Your goal =
The answer must be the lines from the one that holds "Patagonia Barely Baggies" through the final line of the data, copied exactly, with no pictures.

[Records drawn from a dataset]
*** Block opens ***
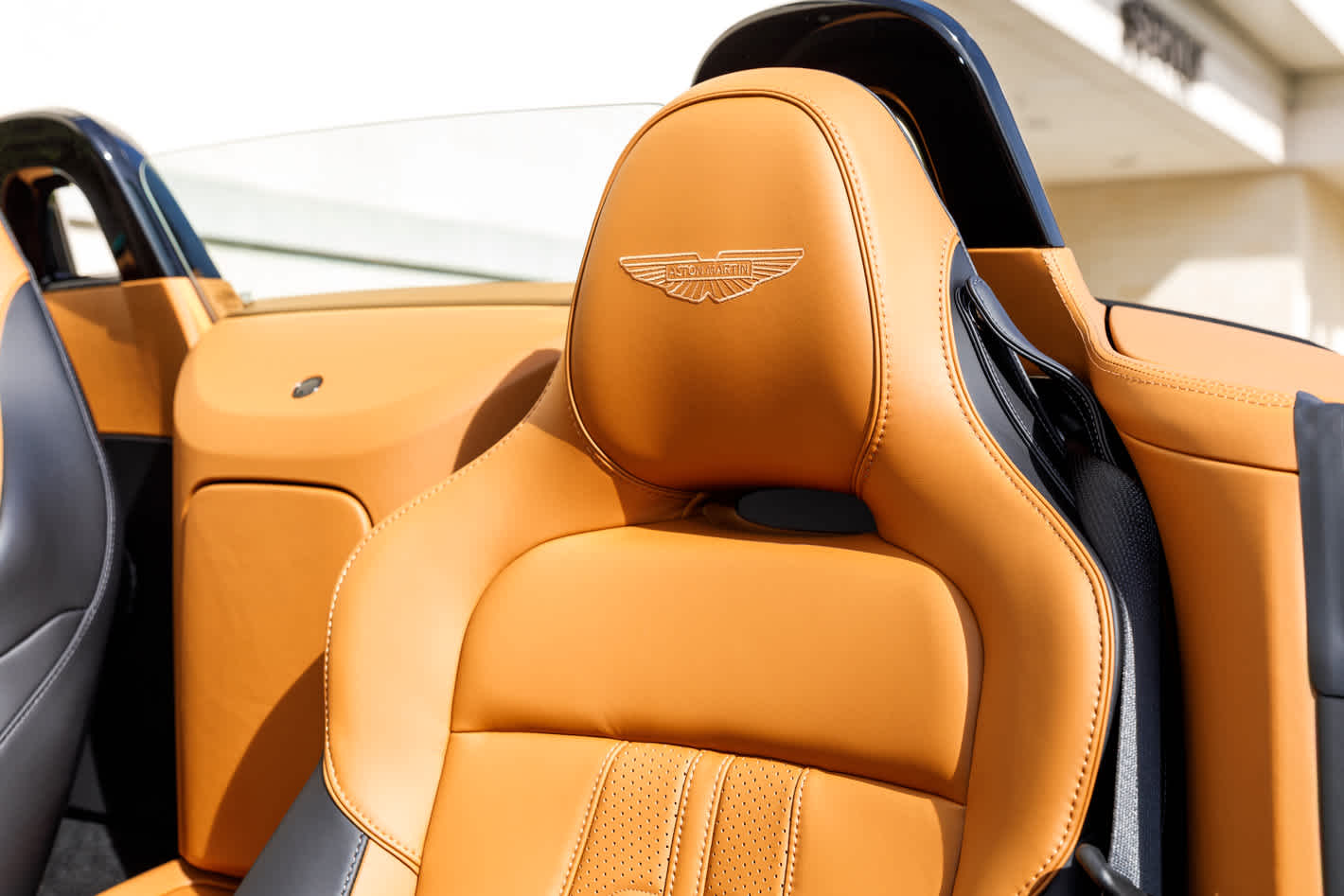 2026 Aston Martin Vantage Base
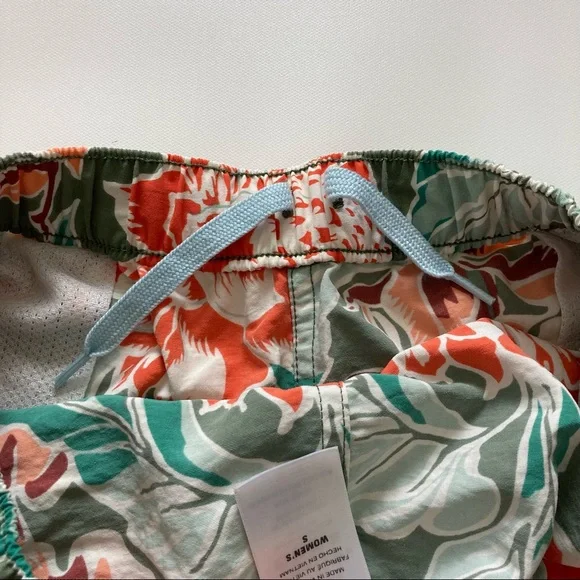 Patagonia Barely Baggies Shorts - Picture 5 of 8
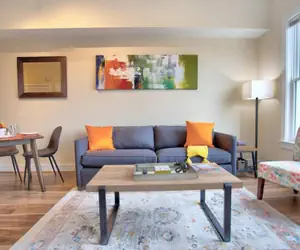 Photo 2 - Walk Score 91 Balcony Near King ST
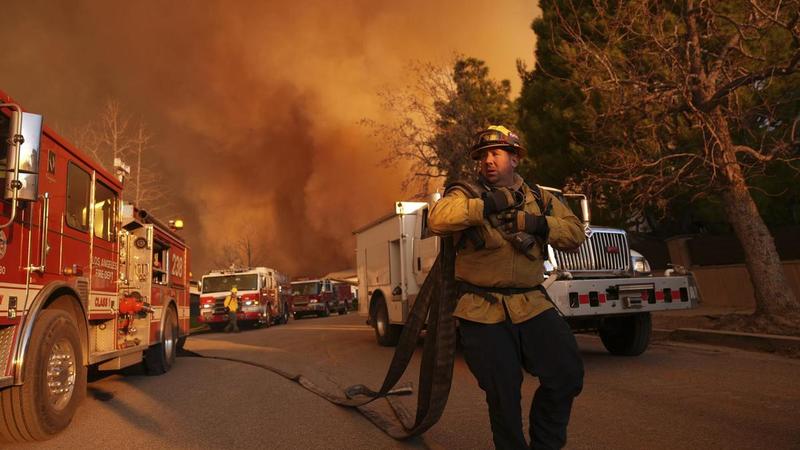 El gobernador de California invita a Trump a visitar la zona quemada y dejar de insultar desde la distancia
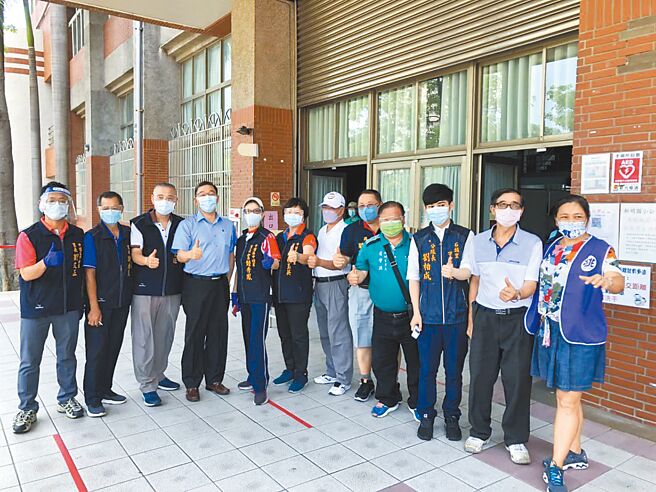 基层里长工作吃力不讨好，但年底大选桃园市13区仍有951人登记参选里长。（叶青旺提供／吕筱蝉桃园传真）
*** Block closes ***
Exercise result =
 Patagonia Barely Baggies Shorts - Picture 5 of 8
 Photo 2 - Walk Score 91 Balcony Near King ST
 El gobernador de California invita a Trump a visitar la zona quemada y dejar de insultar desde la distancia
 基层里长工作吃力不讨好，但年底大选桃园市13区仍有951人登记参选里长。（叶青旺提供／吕筱蝉桃园传真）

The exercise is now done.